What Jacob's death may mean is connected in the last two chapters to his friend Bonamy, who undergoes a conversion. Like the young Leslie Stephen at Cambridge, Bonamy had been "all for the definite, the concrete, and the rational" (146). Jacob had hated Bonamy's methodical, constrictive turn of mind: "I like words to be hard—such were Bonamy's views, and they won him the hostility of those whose taste is all for the fresh growths of the morning" (140). But after Jacob's death, Bonamy experiences a sudden revulsion for order and reason: he "got a very queer feeling, as he walked through the park, of carriages irresistibly driven; of flower beds uncompromisingly geometrical; of force rushing round geometrical patterns in the most senseless way in the world" (152). Bonamy is thrown into chaotic emotionalism (just as Leslie abandoned his faith and took up agnosticism), an overwhelming feeling of being "tossed like a cork on the waves; of having no steady insight into character; of being unsupported by reason, and of drawing no comfort whatever from the works of the classics" (164)—strangely, just the reaction most readers feel reading this book.
Here is Woolf's repudiation of the war, framed not only as a political statement but in terms of subject-object relations. War is evil because it unleashes onto a real landscape what should be kept in check in the mind: the self-destructive tendency of Logos to dissect, regiment, and rationalize until feeling is dead, fossilized and meaningless. The falsifying fiction of a "just war" imposes the depressive's delusion that hell is inescapable, perhaps even desirable, that the cognitive rules one must live by require a hell. War is a mental object as well as a physical one, and Bonamy's former objectivism is as much a violation, an act of war, as is Jacob's death. Both young men are casualties of the lopsided object-relations that make possible civilization's blunders and mass deceptions. Jacob's Room is not merely Woolf's paean to her dead brother, Thoby, but to all "dead" people, the citizens of nonbeing, paralyzed by convention, hoarded egotism, and disillusionment—to the world of depressive cognition in all its many forms. This narrative of Jacob's failed subject-object relations is paralleled by the story of his biographer's own tribulations. We read, not a "triumphant" biography of self-congratulatory "solidity" (such as Cambridge dons would write), but the subjective account of an "outsider" who confesses she is unable—and unwilling—to present life objectively. Perceptions are unreliable, she reminds us, people are mere Platonic shadows, and the real Jacob is unreachable by either writer or reader.
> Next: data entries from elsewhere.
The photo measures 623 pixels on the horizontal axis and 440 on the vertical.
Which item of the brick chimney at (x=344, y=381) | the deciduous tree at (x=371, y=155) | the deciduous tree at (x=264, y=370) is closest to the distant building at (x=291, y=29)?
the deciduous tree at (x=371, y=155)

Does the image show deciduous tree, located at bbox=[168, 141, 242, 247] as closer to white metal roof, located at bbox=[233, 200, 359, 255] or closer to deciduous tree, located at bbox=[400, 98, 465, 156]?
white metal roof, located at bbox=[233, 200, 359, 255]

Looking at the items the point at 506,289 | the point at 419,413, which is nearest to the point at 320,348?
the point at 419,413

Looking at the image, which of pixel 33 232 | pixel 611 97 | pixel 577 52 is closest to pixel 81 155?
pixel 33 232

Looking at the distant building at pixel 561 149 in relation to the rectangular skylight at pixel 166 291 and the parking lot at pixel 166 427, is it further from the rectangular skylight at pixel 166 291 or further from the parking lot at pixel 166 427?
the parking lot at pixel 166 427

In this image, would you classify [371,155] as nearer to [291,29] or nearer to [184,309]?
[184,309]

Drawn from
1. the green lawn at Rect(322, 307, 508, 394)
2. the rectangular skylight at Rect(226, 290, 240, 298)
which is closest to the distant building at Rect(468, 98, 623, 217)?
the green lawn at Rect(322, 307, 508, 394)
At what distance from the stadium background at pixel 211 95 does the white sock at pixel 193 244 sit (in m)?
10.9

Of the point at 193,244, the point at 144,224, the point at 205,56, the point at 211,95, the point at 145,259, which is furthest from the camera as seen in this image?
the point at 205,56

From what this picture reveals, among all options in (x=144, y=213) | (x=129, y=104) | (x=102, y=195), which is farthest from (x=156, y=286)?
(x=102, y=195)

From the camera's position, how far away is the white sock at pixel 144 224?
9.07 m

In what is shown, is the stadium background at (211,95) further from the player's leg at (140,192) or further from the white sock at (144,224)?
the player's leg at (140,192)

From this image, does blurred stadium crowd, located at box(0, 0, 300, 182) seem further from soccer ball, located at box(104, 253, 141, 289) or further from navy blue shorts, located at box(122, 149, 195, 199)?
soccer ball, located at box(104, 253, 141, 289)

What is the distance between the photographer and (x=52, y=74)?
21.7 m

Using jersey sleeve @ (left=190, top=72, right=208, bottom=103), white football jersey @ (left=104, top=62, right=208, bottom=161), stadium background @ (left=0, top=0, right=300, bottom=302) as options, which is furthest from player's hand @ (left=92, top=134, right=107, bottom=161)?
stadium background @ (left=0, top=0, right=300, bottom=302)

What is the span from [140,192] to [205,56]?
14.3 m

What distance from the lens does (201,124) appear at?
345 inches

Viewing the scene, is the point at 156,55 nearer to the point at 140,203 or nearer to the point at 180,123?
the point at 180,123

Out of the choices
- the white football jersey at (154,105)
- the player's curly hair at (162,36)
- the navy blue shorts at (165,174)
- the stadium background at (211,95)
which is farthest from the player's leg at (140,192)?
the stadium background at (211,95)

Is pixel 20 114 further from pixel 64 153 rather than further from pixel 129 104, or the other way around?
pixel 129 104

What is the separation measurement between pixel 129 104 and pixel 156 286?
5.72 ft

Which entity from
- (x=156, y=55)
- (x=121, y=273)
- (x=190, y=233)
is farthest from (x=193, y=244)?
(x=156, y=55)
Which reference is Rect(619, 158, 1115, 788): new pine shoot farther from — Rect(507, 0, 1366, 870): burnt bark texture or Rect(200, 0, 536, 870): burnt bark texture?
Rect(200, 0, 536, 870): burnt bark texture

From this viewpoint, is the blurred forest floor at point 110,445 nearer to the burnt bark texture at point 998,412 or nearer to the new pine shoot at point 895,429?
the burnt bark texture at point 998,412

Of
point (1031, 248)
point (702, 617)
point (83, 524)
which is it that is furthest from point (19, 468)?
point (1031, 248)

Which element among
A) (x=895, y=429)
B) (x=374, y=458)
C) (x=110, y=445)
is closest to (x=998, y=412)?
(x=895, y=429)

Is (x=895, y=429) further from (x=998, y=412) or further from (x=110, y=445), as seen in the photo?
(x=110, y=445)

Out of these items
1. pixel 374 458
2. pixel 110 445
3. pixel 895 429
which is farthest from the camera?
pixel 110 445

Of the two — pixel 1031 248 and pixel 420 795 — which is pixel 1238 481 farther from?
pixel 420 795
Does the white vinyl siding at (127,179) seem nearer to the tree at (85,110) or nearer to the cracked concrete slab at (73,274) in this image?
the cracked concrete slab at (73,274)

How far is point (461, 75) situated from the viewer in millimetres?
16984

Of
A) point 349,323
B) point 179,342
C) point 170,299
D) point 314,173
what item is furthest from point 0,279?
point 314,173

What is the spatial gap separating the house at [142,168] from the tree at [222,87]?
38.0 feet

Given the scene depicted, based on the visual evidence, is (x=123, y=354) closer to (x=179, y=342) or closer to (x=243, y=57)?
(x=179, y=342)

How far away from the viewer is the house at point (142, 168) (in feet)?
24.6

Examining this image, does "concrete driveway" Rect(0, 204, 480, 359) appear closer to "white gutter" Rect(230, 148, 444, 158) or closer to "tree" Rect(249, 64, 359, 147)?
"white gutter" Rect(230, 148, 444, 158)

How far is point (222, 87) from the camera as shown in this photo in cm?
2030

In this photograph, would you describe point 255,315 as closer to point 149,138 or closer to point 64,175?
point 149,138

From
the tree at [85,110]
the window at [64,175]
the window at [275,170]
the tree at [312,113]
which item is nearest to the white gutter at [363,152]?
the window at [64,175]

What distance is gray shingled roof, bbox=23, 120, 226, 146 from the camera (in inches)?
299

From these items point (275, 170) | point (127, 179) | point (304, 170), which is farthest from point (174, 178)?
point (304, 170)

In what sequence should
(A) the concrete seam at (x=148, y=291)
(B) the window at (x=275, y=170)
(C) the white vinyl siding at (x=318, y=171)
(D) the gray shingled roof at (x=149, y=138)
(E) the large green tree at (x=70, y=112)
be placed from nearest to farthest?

Only our most incoherent impressions of Jacob are vivid, but their "truth" is so subjective as to be almost incommunicable:
[L] ife is but a procession of shadows, and God knows why it is that we embrace them so eagerly, and see them depart with such anguish, being shadows. And why, if this and much more than this is true, why are we yet surprised in the window corner by a sudden vision that the young man in the chair is of all things in the world the most real, the most solid, the best known to us—why indeed? For the moment after we know nothing about him.
Such is the manner of our seeing. Such the conditions of our love. (72)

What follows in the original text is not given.